I bought a little copy of The Spell of the Yukon and in the evenings read out loud while Jimmy would doodle with his pen and paper, eventually creating a whole set of logos and stationery for the jumpers.
Along with some crazy ex-Missoula types we bought a bright red 55 Pontiac convertible for forty-five dollars. It had an Indian chief on the hood that lit up at night, burned two quarts of oil per tank of gas and had so many rust holes in the floor that we left a trail of beer cans and Rocket brand reclaimed motor oil containers wherever we went.

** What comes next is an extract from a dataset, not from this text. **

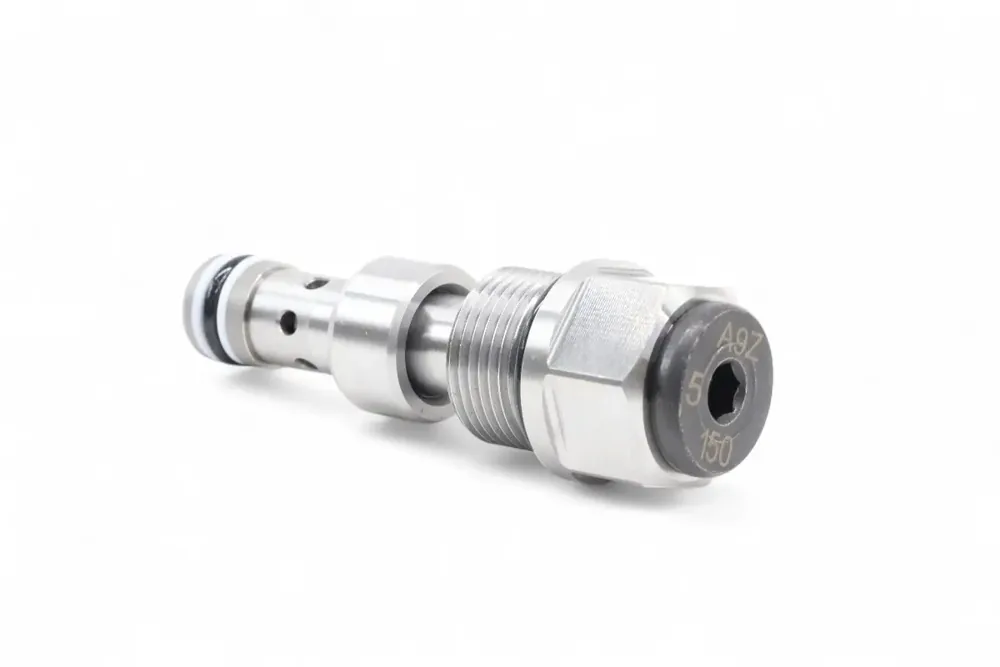 7007478 — VALVE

One fall Jimmy signed us on with Bob Betts (RDD 66) on the only official search for a Sasquatch, or "Bush Man," in Alaska. We never found the "Bush Man," but we thought we were on the best adventure in the world. In late fall he decided to ride a full-dress Harley "Hog" motorcycle south on the snow-covered Alcan Highway, falling eleven times between Big Delta and Tanacross before being arrested for his own protection by a state trooper who eventually befriended him and drove him down to Haines. I remember the few jumpers that were left at the loft standing in the snow giggling hilariously as Jimmy took off, his down-filled arctic work suit billowing in the wind, making him look like the Michelin man before diving into a snowbank.
Jimmy was forever the one to turn the other cheek, look out after others and lend a helping hand. I wasn't there to help Jimmy when the troubles of his world came down on him. In the winter of 78/79 he took his own life on a ranch near Davis Creek at the foot of the Warner Mountains in northeastern California. As always happens when a jumper takes his own life, there was a great deal of soul-searching and just plain sadness when Jimmy died.

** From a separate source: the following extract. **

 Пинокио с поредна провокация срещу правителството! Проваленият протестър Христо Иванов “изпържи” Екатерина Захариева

It was several years before I could bring myself to go back to the Alturas country and spend some time in Jimmy's stomping grounds. Many of his old ranch friends had passed on or moved away. The door to the bunkhouse he had turned into a home swung in the wind and the ranch was closed and unworked. Red, the horse Jimmy taught me to ride, was no longer in the stable. I put a bouquet of sagebrush on his grave and lay down on it for many hours listening to the wind and watching the clouds pass by.
I cried so hard I threw up, and in the evening walked the long ridge behind the bunkhouse into the next creek to the north. I met two small boys, brothers age seven and ten, pushing old bikes up the hill for one last death-defying run before supper. They were in old torn clothes, cheap shoes, and covered with dirt. The kind of hardscrabble kid Jimmy probably had been, except these kids had a little trailer house and a mom and dad on some rented land down in the canyon.
The older boy said they had seen me walking for some time as they had been in the hills all afternoon. He said, "You're looking for Jimmy aren't you! You're one of the smokejumpers...he was our friend too." The little guy looked all around the hills, like a kid will do when he's working up to talk. He looked at the sagebrush, juniper and pinion in the cold purple twilight and then said, "We still see him sometimes, he walks up here. He's OK."
Editor's Note: The Jimmy Pearce story is a fascinating true story about a jumper who John thought of as a big brother. John mentioned that the ending of the story really happened and thought it would be good to share it with Jimmy's friends. John currently lives at Carpinteria, California10 miles southeast of Santa Barbara. He has worked for the Santa Barbara fire department for 19 years, involved in "fire landscaping" for city homes and the demonstration of fire effects in urban areas, among other tasks. He still travels to Alaska.